Of course you can and also dead lifting. What are you exactly trying to accomplish with the wieght training?


----------



## ThaiBoxerVicky (May 11, 2008)

terryl965 said:


> Of course you can and also dead lifting. What are you exactly trying to accomplish with the wieght training?


 
Strength for my punching etc.


----------



## Paul-M (May 12, 2008)

You can't just start lifting weights without knowing what you're doing, find someone to help you, maybe by joining a gym or getting a good book. Use light weights at first and get used to the techniques before you really push yourself or you might get injured. Just take it easy and don't add more weight until you're comfortable with what you're currently doing.


----------



## KempoGuy06 (May 16, 2008)

ThaiBoxerVicky said:


> Strength for my punching etc.


like terry mentioned curls are great to build up you biceps.
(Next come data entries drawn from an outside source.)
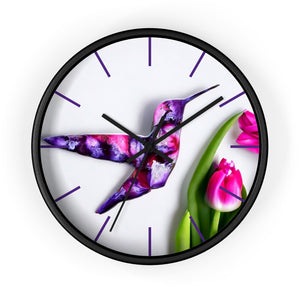 Purple Print Art Hummingbird Wall Clock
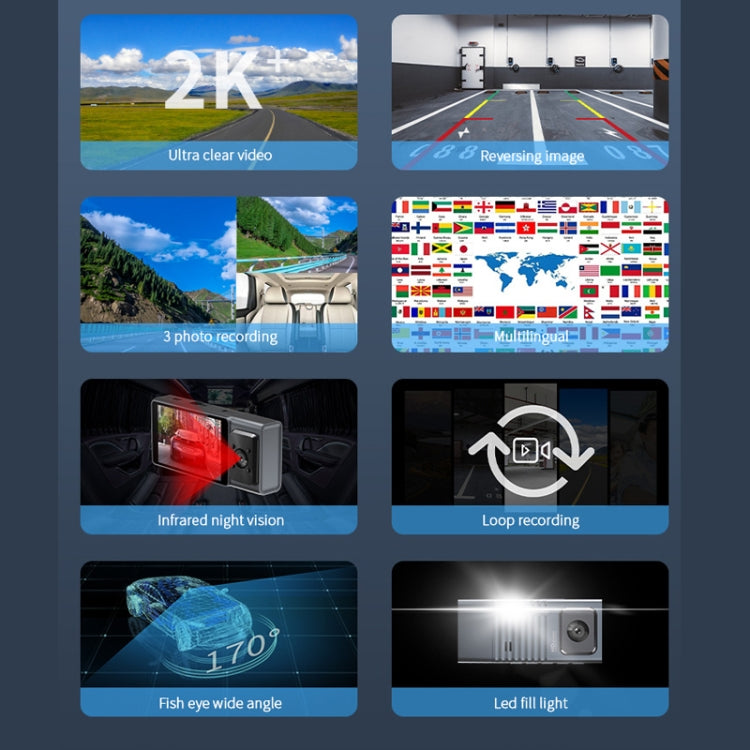 3 Camera Lens 3-inch IPS Screen WiFi Car Dash Cam 1080P Night Vision Dash Camera for Cars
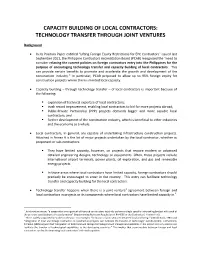 Capacity Building of Local Contractors: Technology Transfer Through Joint Ventures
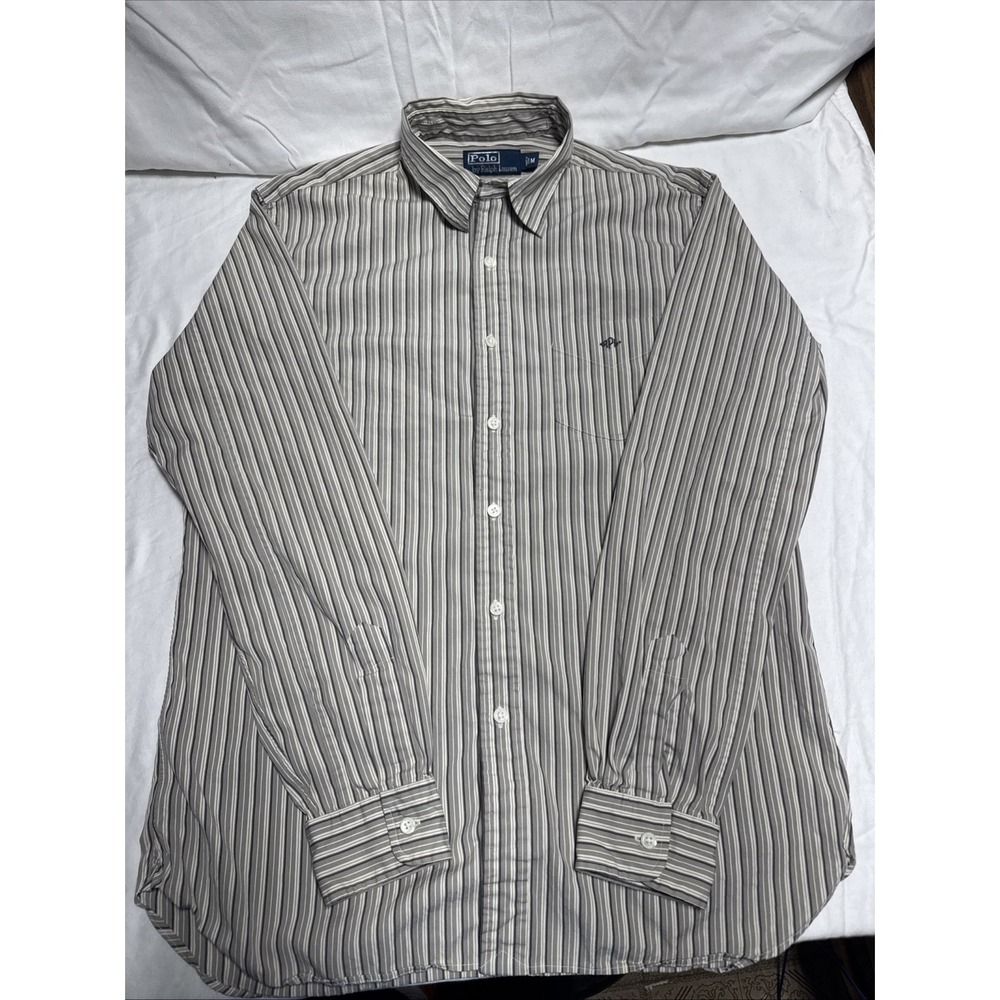 Ralph Lauren Polo Blue Long Sleeve Striped Button Down Shirt Mens M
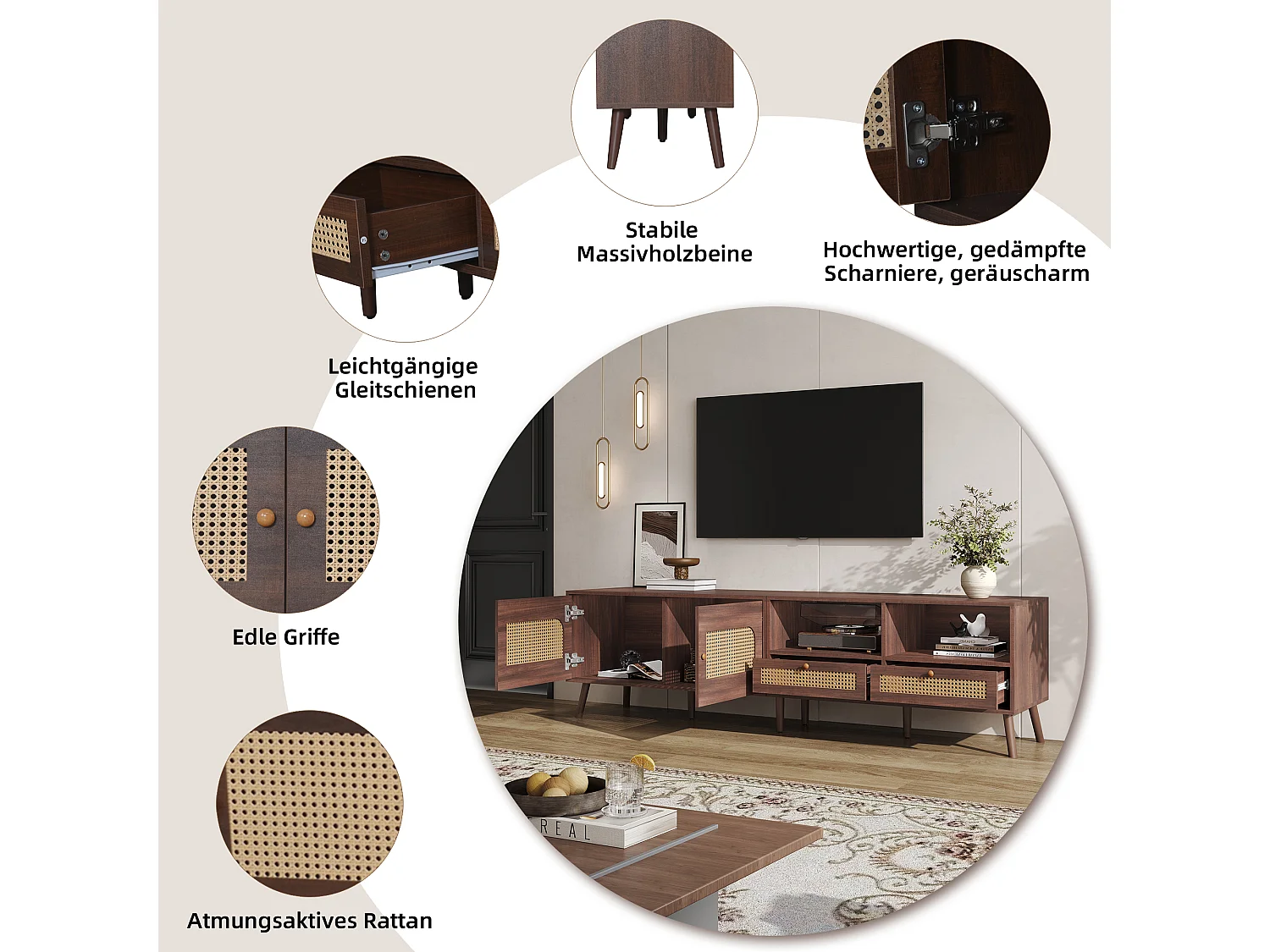 Meuble TV - 200 x 37 x 49.5 cm - pour téléviseurs 80 pouces + 2 portes + 2 tiroirs - aggloméré - marron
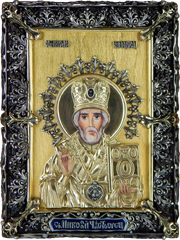 Фото Икона Святой Николай Чудотворц с сусальным золотом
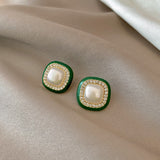 Back to school New Arrival Stud Earrings Fashion Metal Women Classic Minority Geometric Simple Pearl Square Cool Style Simple Jewelry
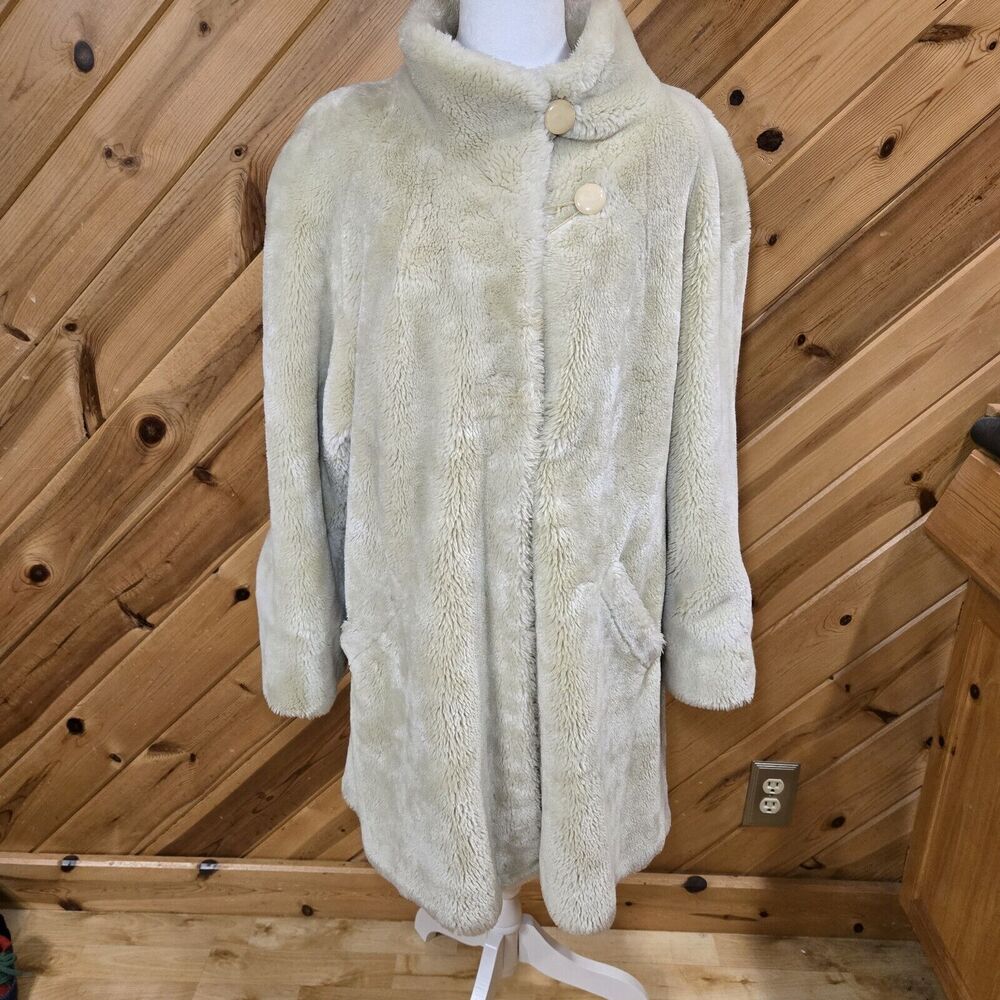 Vintage 80s Neiman Marcus Womens Faux Fur Heavy Coat Medium Glam City Cream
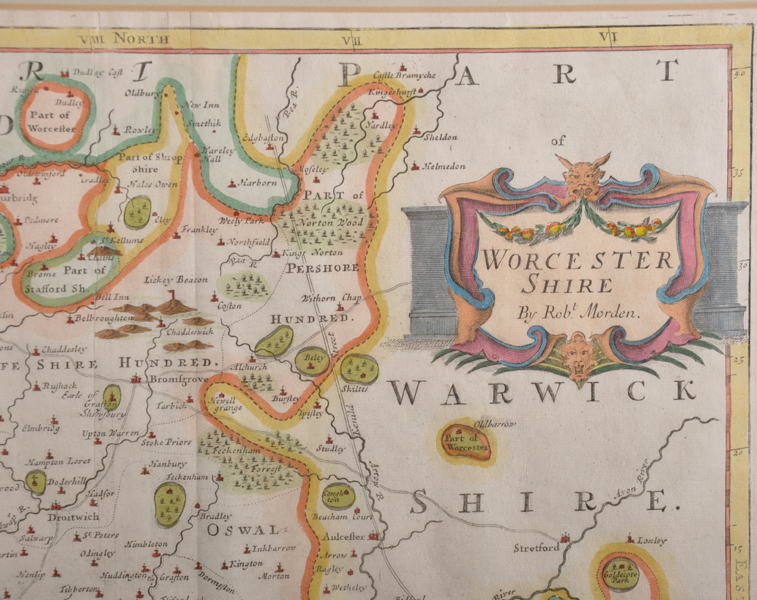 Robert Morden (17th - 18th Century) British. "Worcester Shire", Map, 14.25" x 16.5". - Image 3 of 4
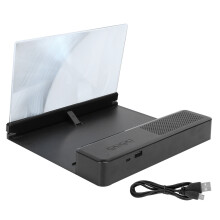 Phone Screen Magnifier Eye Protection Anti Blue Radiation Crystal Clear Lens HD Picture Portable Design Adjustable Angle Wireless Sound Bluetooth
Also try some standing chest flys, over the hear tricep pull downs and standing millitary press. This will give you a decent upper body work out hitting some key muscles and supporting muscles. 

Also Paul gave good advice be careful. dont start to high and make sure you have proper form. Ive seen way to many big guys with bad joints

B


----------



## Xue Sheng (May 16, 2008)

ThaiBoxerVicky said:


> I was thinking about buying some weights just 15kg though and I was wondering is there need for me to do weights and will it give me strength or am I wasting my money?


 
How's the back?


----------



## Live True (May 16, 2008)

ThaiBoxerVicky said:


> I was thinking about buying some weights just 15kg though and I was wondering is there need for me to do weights and will it give me strength or am I wasting my money?


 
I'm assuming form your name that you are female, and I would STRONGLY recommend a few good books on weight training specifically for women.  We have some slight differences in our hip attachments, etc. that can lead to injury if you use the wrong form.

I am ALL for weight training, as long as it's paired with a good stretching routine as well. That's why so many of the big dudes can't put down thier arms; no stretching to keep muscles long and elastic.  But weight training helps you build good muscle strength and better fat burning potential.  I still do weights (with some slight modifications) and I'm 4 1/2 months pregnant.  It's a great way to keep in shape!

A book I would recommend, because it goes into anatomy, proper form and explains some issues (I used it, with the help of my chiropractor, to help design a program to strengthen my shoulders after a near miss with bursitis).
Strength Training for Women by Lori Incledon.

I've also heard Women's Strength Traiinng Anatomy by Frederic Delavier is good, but it's short on teh upper body strengtheners.

Hope that's helpful.  Both of these will give you some good ideas of form and what to do for specific muscles/areas...but be sure to do a balanced program. If you overwork your hamstrings and don't work the quads...you will lead to muscle imbalance and possible injury/problems.


----------



## hongkongfooey (May 26, 2008)

If you want to build upper body strength fast, forget about the dumbbells and do body weight exercises. Push ups, dips, pull ups, and chin ups.


----------